Speaking of static, the first ten minutes or so of “La Det Bli Lys” could be sub-titled, “A Concerto for Acoustic Guitar, Static, and Inhuman Voices”. Against the backdrop drone of low-level scratchiness and occasional mysterious noises (pinecones!), a tranquil guitar melody repeats itself while a dark, deep voice methodically intones words, and other, more unhinged speakers occasionally babble from hidden corners.

But having heard the first two songs on the album, I was pretty sure this one wouldn’t end before providing a good sideways skull-fucking, and so it did. The acoustic melody disappears and a heavily distorted series of repeating guitar riffs take its place, accompanied by an unceasing roar of abrasive howling, which might be a gale of electrified wind or mangled shrieks of agony or some mixture of the two. No less hypnotic than the long build of the first two-thirds of the song, it’s more disturbing by orders of magnitude.

Larvae envelopes the listener in a typhoon funnel of blackened ash and radioactive waste, and yet its riotous, richly textured discordance proves to be mesmerizing and moving.

Sutekh Hexen are Scott Miller and Kevin Gan Yuen, joined for the first time on this album by a sound manipulator and recorder of field samples, Lee Camfield. They live in the San Francisco area.

Last month, Pitchfork premiered “Isvar Savasna” here, and Brooklyn Vegan gave “Lead Us In Warfare” an airing at this location. Here’s the second of those two tracks:

“Lead Us In Warfare”

[audio:https://www.nocleansinging.com/wp-content/uploads/2012/03/2-Lead-Us-In-Warfare.mp3|titles=Sutekh Hexen – Lead Us In Warfare]

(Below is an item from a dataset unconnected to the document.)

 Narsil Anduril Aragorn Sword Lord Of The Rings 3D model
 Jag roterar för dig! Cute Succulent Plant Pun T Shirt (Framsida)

Larvae was released in late February on the Handmade Birds label and is available on CD from the label’s web store. Previous Sutekh Hexen sounds can be streamed here:

http://soundcloud.com/sutekhhexen

And finally, based on this report, it appears that the band is already at work on an LP/CD called Behind the Throne for Magic Bullet Records and should be available shortly.

  5 Responses to “SUTEKH HEXEN: “LARVAE””

  1. Hmmm. I won’t be buying this album, I think, but it is interesting.

    It seems, surprisingly, like it might be good for driving across open plains on a winter day though. I mean, it would match the mood well.

    Until one of the freaky voices popped up out of nowhere and you rolled the car….

    • Your thought about driving and rolling really fits “Let There Be Light”, which is the song I really wanted to stream, except it hasn’t been premiered yet and I didn’t want to take liberties without permission. The long initial section does have a lonely, wintry feel to it. But there would definitely be a risk of rolling or crossing the lane into an oncoming livestock hauler at about the 10-minute mark.

    • ‘I won’t be buying this album’ and then making comments on it like you would be buying the album came across as being nothing more than an douche..in the highest order actually. Fuck off.

      Larvae is reaching across the boundaries of what is considered ‘true’ BM…and to be honest.. the genre really could use that with the sudden influx of atmospheric/hipster black metal bands (some of which are very good) make it that much harder to find te 1% of what is actually worth time to invest in listening to. Being a intermediate noise fan made this much easier to digest (moreso with the earlier albums/tapes).

      Amazing stuff.

      • I think you missed my intention. This music is interesting and I appreciate it and can see its beauty,.but it doesn’t appeal to my aesthetic tastes right now. Obviously, I wouldn’t listen to it much, so I wouldn’t want to buy it. But I can still appreciate and discuss it, right?

  2. If you choose to support this puppet show of Sutekh that was once a great idea that’s fine.But let it be told that Kevin didn’t write the music,nor the lyrics, nor was he part of any of the true rituals that were behind the idea of SH. Kevin is nothing but an actor , a cowardly snake that is good with photoshop. Trying very hard to be some type of low level rock star playing songs that someone else wrote for him. Sutekh was an amazing thing at one point,but it’s ruined now. Andy Way’s parents are fantastically rich and have recorded music in the chruch that his parents run, tell me again, how is that black metal? Believe it or don’t, I don’t care.